Voice audio issues with 2023.3 and new orchestrator

jackjansen commented 5 months ago

We're seeing all sorts of different issues with voice audio:

Too long delays (600ms for uncompressed audio over TCP)
- And this does not always seem to be reflected in the latency_ms in the stats: output...
Sometimes no audio at all (possibly due to orchestrator desync?)
Lots of error messages about missing audio (maybe correlated to the above?)

We need to investigate what is going on.

And let's use this issue to document whatever we find.

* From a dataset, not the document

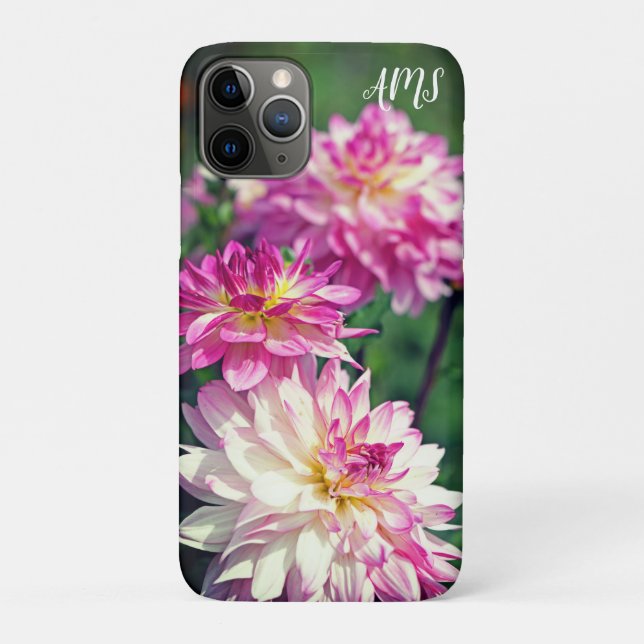 Coques Case-Mate iPhone Initiales de fleur Dahlia rose et blanc (Dos)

jackjansen commented 4 months ago

If it turns out that #144 has been fixed we should also check these points again. Crossing finger that they'll also be fixed.

jackjansen commented 4 months ago

Confirmed fixed.

jackjansen commented 4 months ago

Re-opened this. The second and third bullet point were indeed fixed, but the first one not yet.

ashutosh3308 commented 4 months ago

There were two things that we tested this and last week:

First issue: If all participants can hear each other. We tested it last week and found that all the participants could hear each other. So, this issue has been resolved.
Second Issue: The Reported Delay (via Stats) against the Actual Delay (by saying Hello).
- Ashu tested it with fiddlehead and his laptop. Two scenarios were tested with Direct TCP and Socket I/O, with simple_avatar, Without_HMD. A simple headphone was connected to fiddlehead and in-bulit microphone/speaker was used for the laptop.
- For Socket_IO and Direct_TCP, the difference between actual and reported latency was approx. 200 ms.
- The reported_latency was approx for Socket_IO and Direct_TCP was 150ms and the Actual_Latency was approx. 370ms. Please note that the latency for Direct_TCP was 15 ms less than the Socket_IO

ashutosh3308 commented 4 months ago

Jack and Ashu tested on MAC to verify if this additional latency could be a Windows_Issue.

On Mac, Direct TCP scenario was tested with simple_avatar, Without_HMDs, simple headphone and in-bulit microphone/speaker was used for the laptop.
The reported_latency was approx for Direct_TCP was 150ms and the Actual_Latency was approx. 360ms.

jackjansen commented 4 months ago

For reference: @jvdrhoof is also seeing some unexpected latencies, sometimes, with a completely different setup: point clouds over socketio or webrtc. Sometimes (but not always) he is getting latencies in the 500ms range, with all machines (both clients and the orchestrator) on local networks.

This may be a red herring, but it may mean that we are looking at a problem that has nothing to do with audio but is actually in a completely different place.

jackjansen commented 4 months ago

(and, completely beside the point: @ashutosh3308 please reserve backticks print("this is code") for code and verbatim things like numbers 3.0 or 2 ms and host names flauwte.local and such. Use italics with underscores for emphasis, or if you want something stand out. And use Strong emphasis with double stars only very sparingly.

jackjansen commented 4 months ago

On the branch, repeated flauwte to vrtiny measurement, TCP transport. Measured latency (clap plus echo) was 370ms. Except once, where it was about 600ms.

Reported latency on vrtiny was 120-180ms.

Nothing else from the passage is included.